Daniel Gilbert on “Stumbling on Happiness”

Gilbert CoverWhat does a book by a Harvard psychologist on why people can’t predict what will make them happy have to do with utopia?

Well, what doesn’t it have to do with utopia??  This was one of those books I just picked up in the bookstore out of self-defense, because my partner was shopping for music and my daughter wanted to look at something else and all I really wanted to do was sit in the coffee shop and not move.  But since it was about happiness and the future, it seemed kind of relevant.  And indeed, Gilbert presents the fruits of decades of the kind of research that gets psychology undergrads their extra credit points by serving as human subjects, and others their dissertations and publications, and it all tends to some basic points:  we human beings are good at imagining things, but not as good as we think we are if by “good” we mean “accurate.” 

That means our predictions about the future (even the future that isn’t meant to be utopian) are systematically distorted.  We leave things out, mostly having to do with our blind spots.  We leave out everything we can’t see from here, and don’t even notice we’ve done it.  That would include lots of things that haven’t been invented yet, as well as transformations that haven’t yet come to pass that we’re NOT thinking about.  We are not too good at noticing what’s missing (the dog that didn’t bark in the night, the letter “t” in three-letter nonsense combinations, women in the corporate sales force, people of color in our suburban neighborhood . . .), so we keep on leaving things out of our imaginary scenarios that will matter for our future happiness.  We also forget to include things that will happen, but that are so ordinary (drinking water, brushing our teeth, seeing the sunrise, . . .) that we forget to think about them. 

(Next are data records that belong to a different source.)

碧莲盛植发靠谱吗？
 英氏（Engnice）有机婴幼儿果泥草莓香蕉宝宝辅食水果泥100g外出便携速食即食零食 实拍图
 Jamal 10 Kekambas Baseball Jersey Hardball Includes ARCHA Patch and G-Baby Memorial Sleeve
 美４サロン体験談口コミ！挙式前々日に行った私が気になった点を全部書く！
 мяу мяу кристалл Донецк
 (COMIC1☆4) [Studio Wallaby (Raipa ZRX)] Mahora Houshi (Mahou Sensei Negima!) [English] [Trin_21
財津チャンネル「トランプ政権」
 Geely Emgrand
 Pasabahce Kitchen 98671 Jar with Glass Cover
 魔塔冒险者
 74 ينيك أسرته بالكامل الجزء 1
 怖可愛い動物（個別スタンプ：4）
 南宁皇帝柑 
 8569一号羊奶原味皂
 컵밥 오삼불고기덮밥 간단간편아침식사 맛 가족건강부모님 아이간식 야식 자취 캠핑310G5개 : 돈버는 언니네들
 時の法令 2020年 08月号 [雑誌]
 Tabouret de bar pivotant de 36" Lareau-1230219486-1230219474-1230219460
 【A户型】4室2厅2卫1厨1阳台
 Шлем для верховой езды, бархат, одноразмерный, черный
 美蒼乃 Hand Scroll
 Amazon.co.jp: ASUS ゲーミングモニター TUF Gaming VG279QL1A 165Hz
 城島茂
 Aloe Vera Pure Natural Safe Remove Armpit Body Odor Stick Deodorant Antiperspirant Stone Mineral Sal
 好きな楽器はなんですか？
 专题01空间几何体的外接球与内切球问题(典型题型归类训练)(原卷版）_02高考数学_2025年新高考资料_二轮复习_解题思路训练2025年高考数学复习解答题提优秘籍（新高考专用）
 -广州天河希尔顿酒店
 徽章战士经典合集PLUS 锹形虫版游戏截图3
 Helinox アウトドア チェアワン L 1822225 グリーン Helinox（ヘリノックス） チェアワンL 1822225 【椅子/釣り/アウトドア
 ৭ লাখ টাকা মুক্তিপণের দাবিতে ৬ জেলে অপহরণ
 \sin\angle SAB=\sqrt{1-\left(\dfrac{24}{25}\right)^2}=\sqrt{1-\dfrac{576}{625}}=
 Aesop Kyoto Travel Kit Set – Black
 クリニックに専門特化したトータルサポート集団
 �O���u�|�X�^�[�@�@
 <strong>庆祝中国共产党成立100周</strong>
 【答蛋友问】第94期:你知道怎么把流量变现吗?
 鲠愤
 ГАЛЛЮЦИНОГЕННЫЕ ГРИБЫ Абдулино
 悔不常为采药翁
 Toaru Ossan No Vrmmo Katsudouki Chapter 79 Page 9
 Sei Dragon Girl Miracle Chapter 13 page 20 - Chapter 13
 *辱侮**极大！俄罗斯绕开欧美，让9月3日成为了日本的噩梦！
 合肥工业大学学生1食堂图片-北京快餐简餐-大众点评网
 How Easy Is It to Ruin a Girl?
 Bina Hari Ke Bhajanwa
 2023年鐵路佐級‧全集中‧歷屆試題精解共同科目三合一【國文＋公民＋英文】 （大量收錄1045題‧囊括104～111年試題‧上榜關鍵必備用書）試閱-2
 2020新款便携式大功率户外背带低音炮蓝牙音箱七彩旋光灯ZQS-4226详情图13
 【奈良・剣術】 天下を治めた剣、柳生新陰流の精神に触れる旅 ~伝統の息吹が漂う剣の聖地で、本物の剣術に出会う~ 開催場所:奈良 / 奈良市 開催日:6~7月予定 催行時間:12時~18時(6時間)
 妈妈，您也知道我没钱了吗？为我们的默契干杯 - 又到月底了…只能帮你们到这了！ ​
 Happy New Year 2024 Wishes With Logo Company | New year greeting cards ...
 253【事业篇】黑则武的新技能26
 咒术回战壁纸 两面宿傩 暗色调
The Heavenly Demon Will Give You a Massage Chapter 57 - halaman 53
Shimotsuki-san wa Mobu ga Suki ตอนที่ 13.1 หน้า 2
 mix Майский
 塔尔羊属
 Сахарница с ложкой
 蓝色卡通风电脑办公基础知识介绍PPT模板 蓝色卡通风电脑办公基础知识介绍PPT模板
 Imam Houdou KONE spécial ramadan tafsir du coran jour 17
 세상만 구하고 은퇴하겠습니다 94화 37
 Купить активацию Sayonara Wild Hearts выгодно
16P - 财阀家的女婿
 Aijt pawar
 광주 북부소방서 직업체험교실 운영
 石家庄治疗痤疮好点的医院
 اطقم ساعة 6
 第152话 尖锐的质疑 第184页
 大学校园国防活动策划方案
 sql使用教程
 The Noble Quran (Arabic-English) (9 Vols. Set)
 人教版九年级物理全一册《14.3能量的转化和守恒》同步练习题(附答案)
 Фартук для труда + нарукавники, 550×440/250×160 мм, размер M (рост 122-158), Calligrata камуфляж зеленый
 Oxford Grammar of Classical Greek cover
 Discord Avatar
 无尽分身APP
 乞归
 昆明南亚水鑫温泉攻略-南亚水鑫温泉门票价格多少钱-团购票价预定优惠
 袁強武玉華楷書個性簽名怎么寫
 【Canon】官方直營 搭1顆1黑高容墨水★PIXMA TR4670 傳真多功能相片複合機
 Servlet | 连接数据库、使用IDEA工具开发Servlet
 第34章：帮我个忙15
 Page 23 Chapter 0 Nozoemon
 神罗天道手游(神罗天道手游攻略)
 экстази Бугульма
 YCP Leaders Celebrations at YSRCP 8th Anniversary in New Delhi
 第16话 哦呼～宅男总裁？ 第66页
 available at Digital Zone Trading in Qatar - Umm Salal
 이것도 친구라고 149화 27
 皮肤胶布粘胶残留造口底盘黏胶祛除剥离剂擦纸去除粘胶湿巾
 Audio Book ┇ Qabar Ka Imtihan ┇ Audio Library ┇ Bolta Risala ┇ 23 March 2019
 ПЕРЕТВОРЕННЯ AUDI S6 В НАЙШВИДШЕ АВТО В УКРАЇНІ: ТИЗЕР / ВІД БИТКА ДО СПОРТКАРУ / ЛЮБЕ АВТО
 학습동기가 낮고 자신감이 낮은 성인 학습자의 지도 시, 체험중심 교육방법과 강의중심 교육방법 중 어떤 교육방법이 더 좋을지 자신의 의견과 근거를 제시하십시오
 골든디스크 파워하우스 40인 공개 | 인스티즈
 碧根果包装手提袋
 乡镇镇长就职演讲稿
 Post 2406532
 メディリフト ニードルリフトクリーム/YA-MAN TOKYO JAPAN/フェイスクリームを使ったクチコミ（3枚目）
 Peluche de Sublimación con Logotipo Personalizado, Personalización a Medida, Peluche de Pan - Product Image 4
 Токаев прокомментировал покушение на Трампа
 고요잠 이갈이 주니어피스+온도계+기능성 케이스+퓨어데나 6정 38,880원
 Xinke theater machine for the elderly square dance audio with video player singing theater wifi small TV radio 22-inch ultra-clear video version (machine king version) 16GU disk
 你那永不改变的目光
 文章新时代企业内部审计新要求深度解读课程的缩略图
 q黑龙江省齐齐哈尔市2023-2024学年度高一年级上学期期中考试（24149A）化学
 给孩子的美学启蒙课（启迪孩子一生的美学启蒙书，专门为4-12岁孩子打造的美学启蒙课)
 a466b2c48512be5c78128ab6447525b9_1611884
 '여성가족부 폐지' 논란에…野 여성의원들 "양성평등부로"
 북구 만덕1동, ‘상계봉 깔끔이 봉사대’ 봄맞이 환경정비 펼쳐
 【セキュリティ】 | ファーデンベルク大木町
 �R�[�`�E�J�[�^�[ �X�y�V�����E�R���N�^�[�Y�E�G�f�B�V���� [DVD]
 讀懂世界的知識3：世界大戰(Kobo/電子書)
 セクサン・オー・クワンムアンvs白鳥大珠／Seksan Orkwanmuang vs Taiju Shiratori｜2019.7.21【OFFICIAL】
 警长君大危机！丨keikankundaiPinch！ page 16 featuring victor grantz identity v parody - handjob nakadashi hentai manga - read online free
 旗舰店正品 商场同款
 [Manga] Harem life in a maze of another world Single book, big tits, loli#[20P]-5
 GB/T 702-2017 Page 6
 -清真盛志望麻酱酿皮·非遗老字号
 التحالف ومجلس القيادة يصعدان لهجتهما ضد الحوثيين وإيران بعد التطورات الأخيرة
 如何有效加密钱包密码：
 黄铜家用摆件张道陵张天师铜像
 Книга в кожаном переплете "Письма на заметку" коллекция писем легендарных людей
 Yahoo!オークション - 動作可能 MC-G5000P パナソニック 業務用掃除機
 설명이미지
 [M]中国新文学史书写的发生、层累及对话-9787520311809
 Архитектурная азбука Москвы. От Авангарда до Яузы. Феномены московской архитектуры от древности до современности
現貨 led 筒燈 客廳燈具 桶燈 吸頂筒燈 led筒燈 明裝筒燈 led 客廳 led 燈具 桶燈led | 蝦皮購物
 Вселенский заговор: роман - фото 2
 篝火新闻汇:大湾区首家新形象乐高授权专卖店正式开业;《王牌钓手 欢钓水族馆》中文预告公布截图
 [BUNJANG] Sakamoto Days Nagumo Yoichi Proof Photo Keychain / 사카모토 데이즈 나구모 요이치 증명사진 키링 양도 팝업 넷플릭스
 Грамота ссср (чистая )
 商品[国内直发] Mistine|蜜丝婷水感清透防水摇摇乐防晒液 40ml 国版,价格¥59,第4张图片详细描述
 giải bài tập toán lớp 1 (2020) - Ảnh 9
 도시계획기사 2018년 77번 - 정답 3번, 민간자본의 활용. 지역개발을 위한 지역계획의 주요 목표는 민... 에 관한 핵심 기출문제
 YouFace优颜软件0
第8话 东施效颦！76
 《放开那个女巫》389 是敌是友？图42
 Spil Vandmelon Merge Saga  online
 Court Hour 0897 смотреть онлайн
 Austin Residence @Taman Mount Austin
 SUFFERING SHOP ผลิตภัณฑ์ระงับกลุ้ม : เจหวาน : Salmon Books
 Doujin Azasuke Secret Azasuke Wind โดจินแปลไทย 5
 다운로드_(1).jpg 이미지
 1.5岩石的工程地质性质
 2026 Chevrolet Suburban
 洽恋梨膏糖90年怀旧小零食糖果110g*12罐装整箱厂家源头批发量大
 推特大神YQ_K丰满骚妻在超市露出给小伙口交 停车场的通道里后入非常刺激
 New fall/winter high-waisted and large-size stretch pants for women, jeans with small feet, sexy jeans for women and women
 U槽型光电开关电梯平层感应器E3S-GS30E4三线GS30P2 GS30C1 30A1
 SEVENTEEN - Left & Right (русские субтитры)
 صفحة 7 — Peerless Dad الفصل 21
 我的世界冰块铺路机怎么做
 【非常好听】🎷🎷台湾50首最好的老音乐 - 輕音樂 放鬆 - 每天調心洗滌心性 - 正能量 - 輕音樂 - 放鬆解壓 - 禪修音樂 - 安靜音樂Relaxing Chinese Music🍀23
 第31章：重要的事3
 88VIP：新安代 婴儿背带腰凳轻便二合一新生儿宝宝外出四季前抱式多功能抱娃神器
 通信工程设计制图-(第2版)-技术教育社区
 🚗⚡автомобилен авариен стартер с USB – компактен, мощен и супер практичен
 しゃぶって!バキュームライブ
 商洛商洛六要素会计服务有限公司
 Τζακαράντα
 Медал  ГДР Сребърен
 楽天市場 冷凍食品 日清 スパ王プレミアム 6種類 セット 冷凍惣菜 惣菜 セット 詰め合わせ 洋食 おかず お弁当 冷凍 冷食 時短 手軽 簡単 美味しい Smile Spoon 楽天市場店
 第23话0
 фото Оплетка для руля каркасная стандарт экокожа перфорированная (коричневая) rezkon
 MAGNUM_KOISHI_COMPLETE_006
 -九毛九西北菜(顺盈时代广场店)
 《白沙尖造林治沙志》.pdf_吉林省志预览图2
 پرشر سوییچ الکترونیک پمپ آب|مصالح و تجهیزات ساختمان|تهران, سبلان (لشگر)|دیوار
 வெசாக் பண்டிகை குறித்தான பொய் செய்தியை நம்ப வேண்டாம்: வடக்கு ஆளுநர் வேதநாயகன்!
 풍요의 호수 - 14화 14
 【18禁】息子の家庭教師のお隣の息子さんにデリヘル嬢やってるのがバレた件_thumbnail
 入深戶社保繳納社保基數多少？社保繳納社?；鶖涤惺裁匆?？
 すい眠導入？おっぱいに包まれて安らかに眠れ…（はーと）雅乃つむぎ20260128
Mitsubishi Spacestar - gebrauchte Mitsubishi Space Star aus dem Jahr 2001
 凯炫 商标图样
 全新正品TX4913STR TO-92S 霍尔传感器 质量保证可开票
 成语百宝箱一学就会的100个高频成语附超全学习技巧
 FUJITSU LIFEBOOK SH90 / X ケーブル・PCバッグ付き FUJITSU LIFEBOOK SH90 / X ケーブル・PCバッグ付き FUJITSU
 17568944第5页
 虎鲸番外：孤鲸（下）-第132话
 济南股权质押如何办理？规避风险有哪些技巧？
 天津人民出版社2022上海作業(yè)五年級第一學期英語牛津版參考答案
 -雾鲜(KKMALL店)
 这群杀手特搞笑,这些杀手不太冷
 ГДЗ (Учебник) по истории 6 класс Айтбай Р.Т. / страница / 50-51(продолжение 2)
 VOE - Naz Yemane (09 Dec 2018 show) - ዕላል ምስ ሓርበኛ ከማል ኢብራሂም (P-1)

One of my theses is that my utopian theorists are reluctant to paint detailed pictures of the utopian society, since those pictures might prove constraining.  We don’t want images of utopia to hamstring the efforts at social transformation that might move us toward it, by specifying how something is going to look that we’re not even going to have a clear intimation of until we get a lot closer to it.  Gilbert’s discussion reinforces the wisdom in this approach.  (Yay!!)